Pour comprendre la sécurité, je devais comprendre les racines de l’insécurité. Il me fallait rendre visible la part invisible de la cybercriminalité et la façon dont les conflits s’expriment dans le cyberespace. Je devais plonger dans la face noire d’Internet, la partie immergée de l’iceberg, le Dark Web. Je suis passée de l’autre côté du miroir, pour décoder ce qui se passe derrière les écrans, un peu avec la naïveté d’Alice au pays des merveilles, dans un monde pas franchement merveilleux.

« Au-delà des violences faites aux individus, via Internet, ce sont les violences faites aux organisations et aux États qui m’ont interpellée. Internet reflète nos réalités sociales, économiques et politiques. Le cyberespace n’est ni pire, ni meilleur, juste un catalyseur de possibles pour le meilleur et pour le pire. Un instrument de puissance et de pouvoir qui permet de soumettre l’ennemi et de faire la guerre avec du code informatique et des informations. C’est passionnant !

« Avec Internet, les hommes ont développé un nouveau territoire, pas du tout naturel, le cyberespace, dans lequel nous évoluons et qui est le prolongement de nos vies à travers des systèmes d’information. Avec lui nous sommes entrés dans l’ère de la complexité avec une dépendance croissante aux technologies et une vulnérabilité accrue. Pour relever ce défi, il faut décloisonner les disciplines : sociologie, anthropologie, ethnologie, philosophie…, et recourir à toutes sortes de profils. Ce qui m’intéresse, c’est de comprendre comment tirer parti de ce fabuleux outil de rationalité et de performance qu’est l’ordinateur pour que les humains vivent mieux et non le contraire !

« Pour l’heure, nous sommes dans un cyber Far West où tout est à défricher, tout est à découvrir et où ce sont les acteurs les plus forts qui imposent leurs règles, leurs pratiques et les usages. Ils ont créé une asymétrie des pouvoirs qui pèsent sur les individus, les organisations et les États, tout en accroissant notre vulnérabilité globale. Il y a de quoi faire !
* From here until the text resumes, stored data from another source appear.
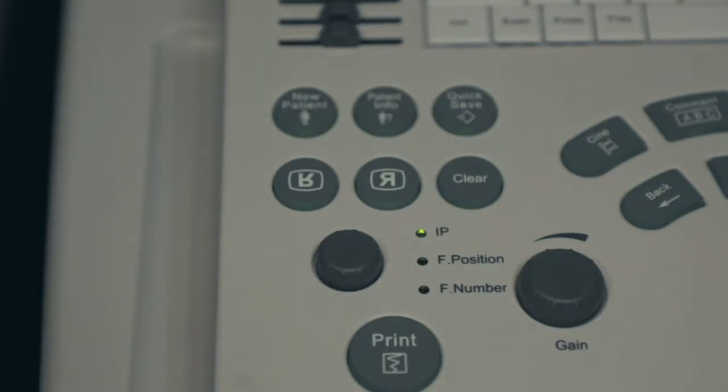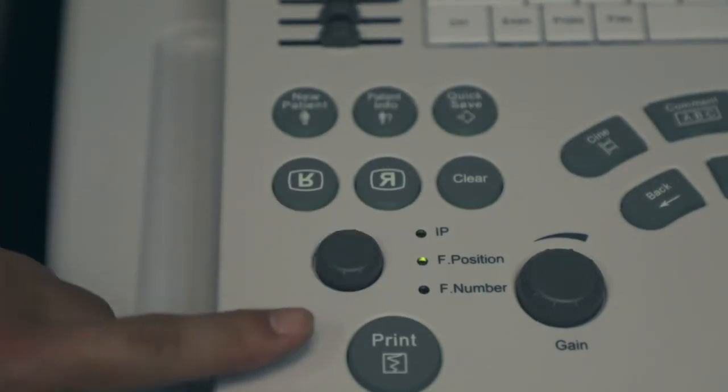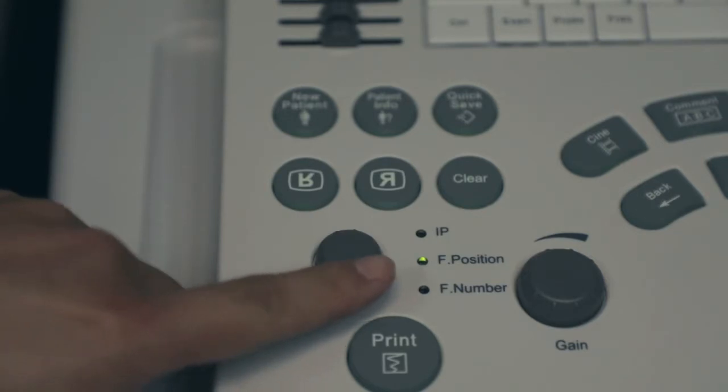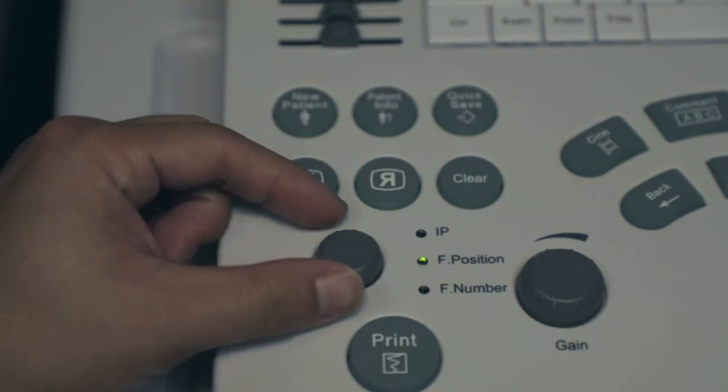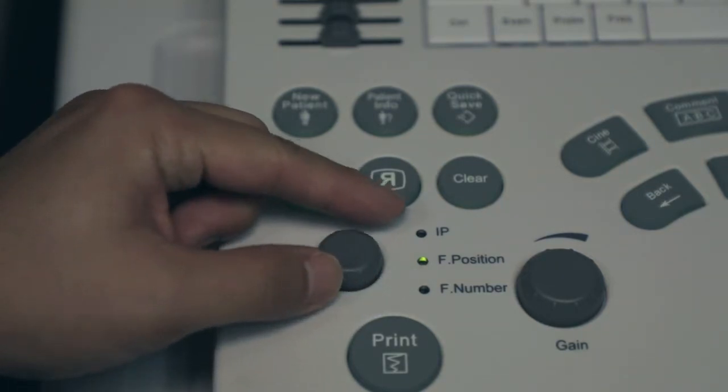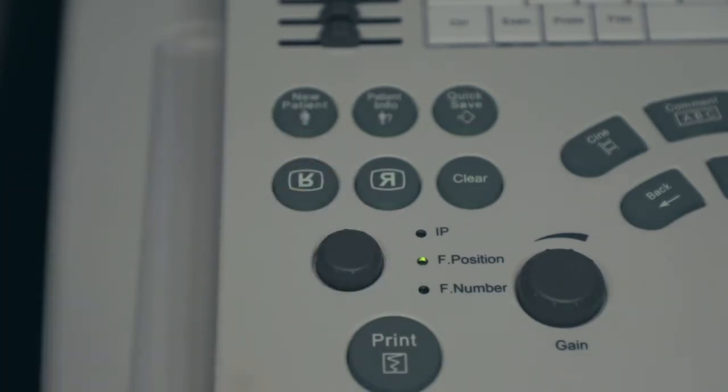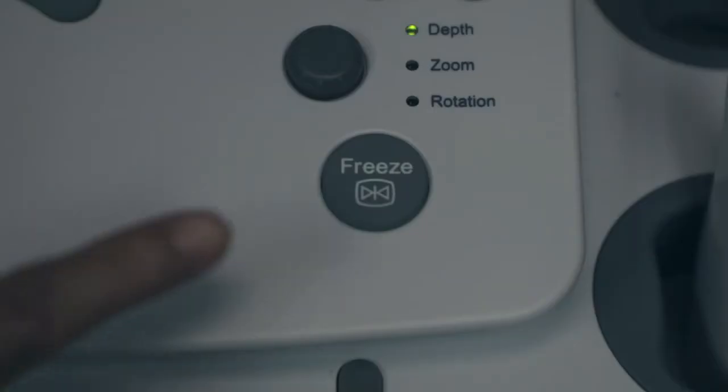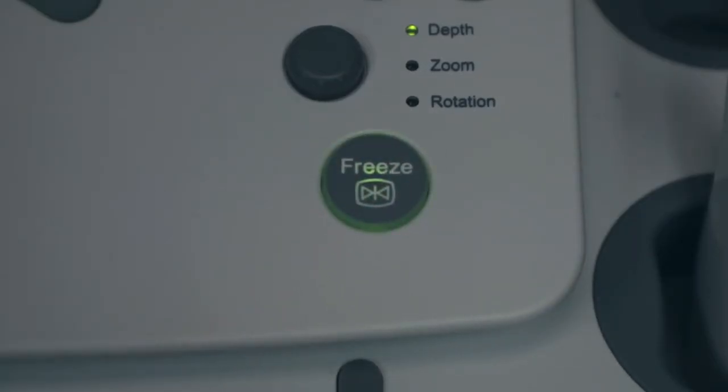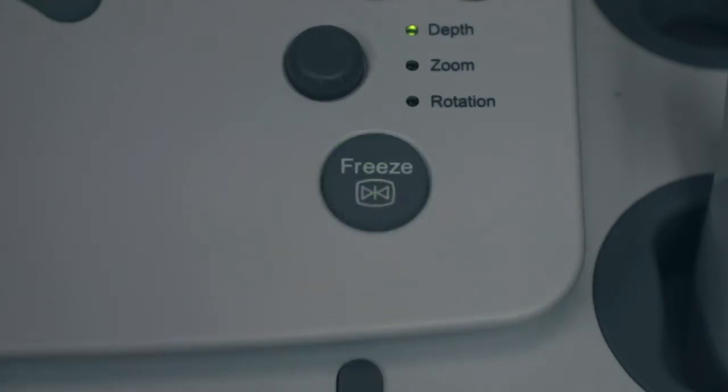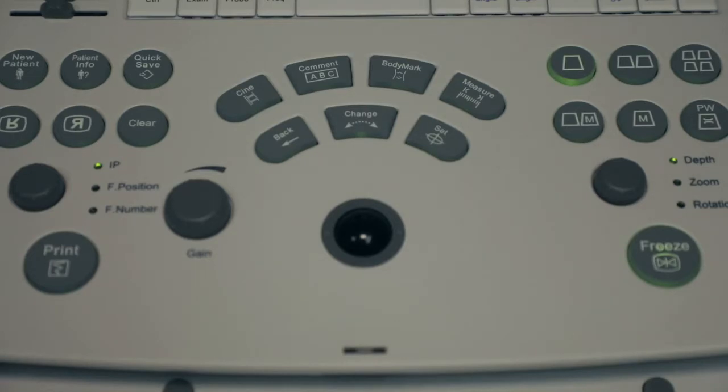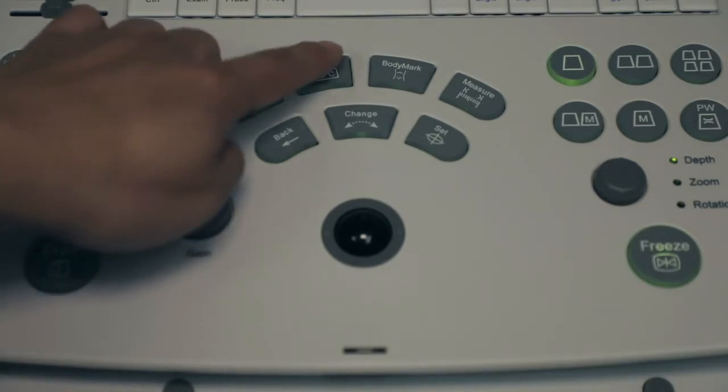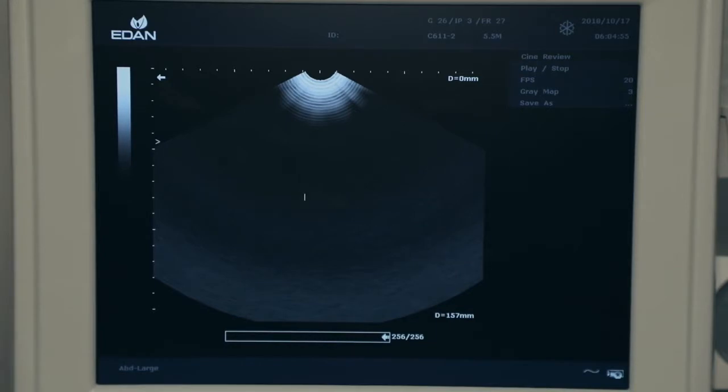Press knob down to highlight focal position. Turn knob to place focal point at desired area. To freeze an image, press the freeze key. To label an image, press the comment key, move the cursor to desired area with trackball, type and press set to confirm.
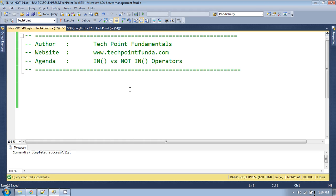Welcome to TechPoint Fundamentals YouTube channel. Today we will see what is the difference between IN and NOT IN operators in SQL. Both IN and NOT IN are used for comparing a list of values against a single field or value. With the equality operator we can only compare a scalar value, but with IN and NOT IN we can evaluate a field against a list of values.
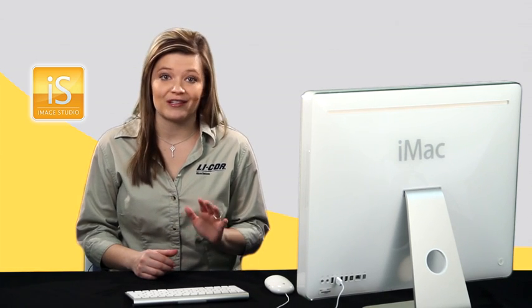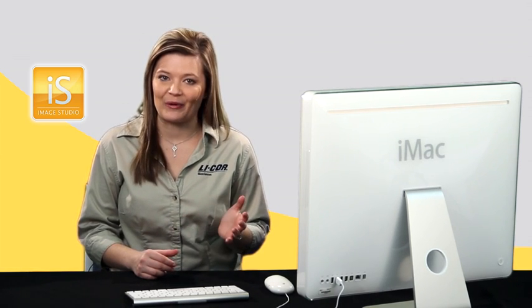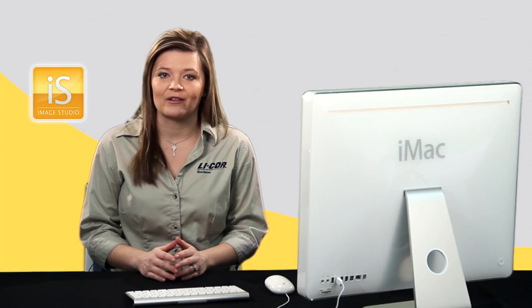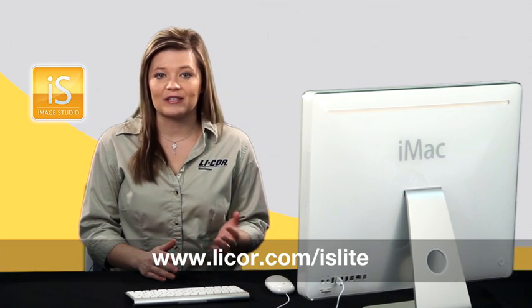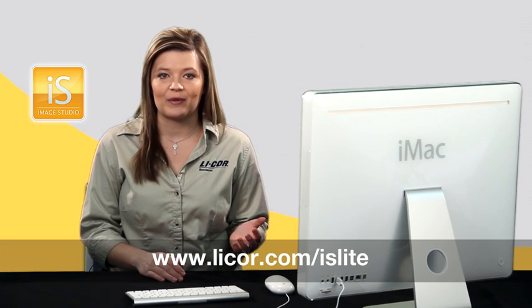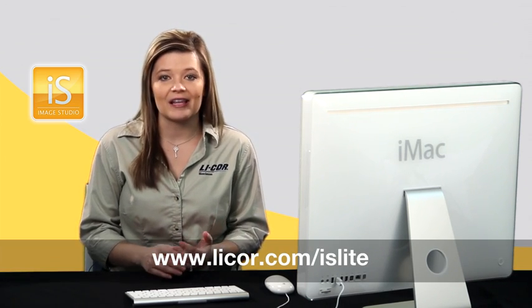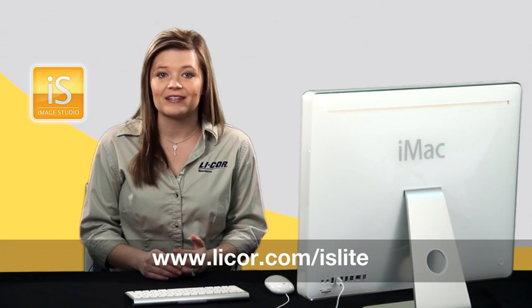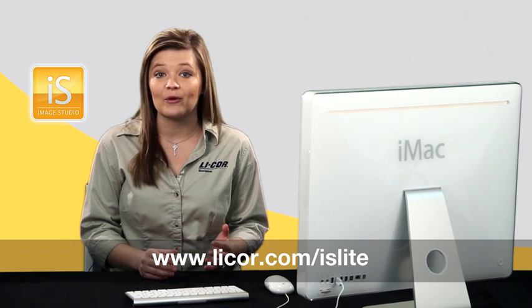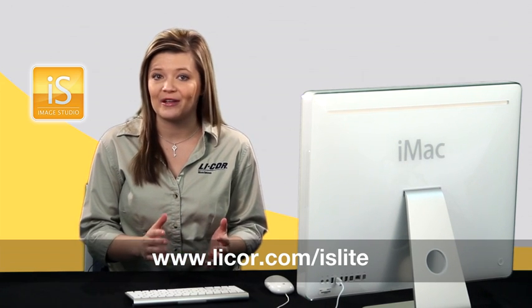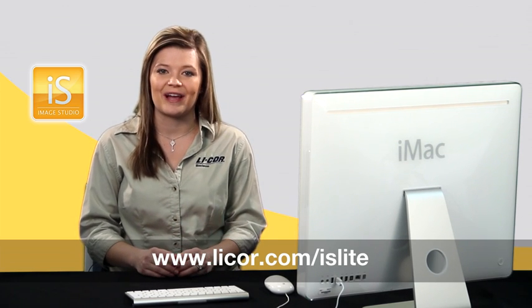With Image Studio Lite, it's just that simple. Simplify your research. Visit www.licor.com/islite today to download your free copy of Image Studio Lite.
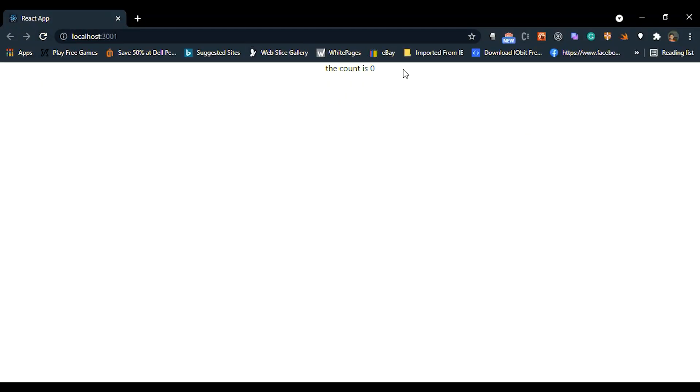Yes. You can see the initial value here. It's zero. Now we are going to create two buttons. One for increment and another one for decrement.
« À force de travailler sur les aspects techniques des réseaux, j’en avais fait le tour. Avec la cybersécurité et la cyberdéfense, j’ai largement élargi mon champ de réflexion et d’action !

– OK. Et pour ce qui est du rôle des femmes dans les sciences ? l’interroge Kim.

– Je n’ai pas oublié ta question. J’y viens. Je ne crois pas du tout que les femmes soient moins faites pour les sciences que les hommes. En revanche, oui, il y a moins de filles que de garçons qui vont vers les sciences. Mais ça relève de la psychologie sociale et non pas de la biologie ! Il y a des stéréotypes sexués en matière de rôles sociaux des femmes comme des hommes. Ce sont des croyances prescriptives auto-réalisatrices. L’opinion (je devrais dire le préjugé) portée par les parents et les enseignants finit par être intégrée par l’enfant pour devenir une vérité. Le sujet a été très étudié par une historienne des sciences, Magaret Rossiter. Elle a notamment inventé le terme effet Mathilda pour désigner le déni et le manque de reconnaissance des contributions des femmes aux découvertes scientifiques, généralement attribuées à leurs collègues masculins. Ce qui n’aide guère à susciter des vocations féminines. Elle a également mis en valeur la tendance au cantonnement des femmes dans des disciplines spécifiques, telles que la biologie, la santé publique, l’économie domestique, l’éducation de la petite enfance.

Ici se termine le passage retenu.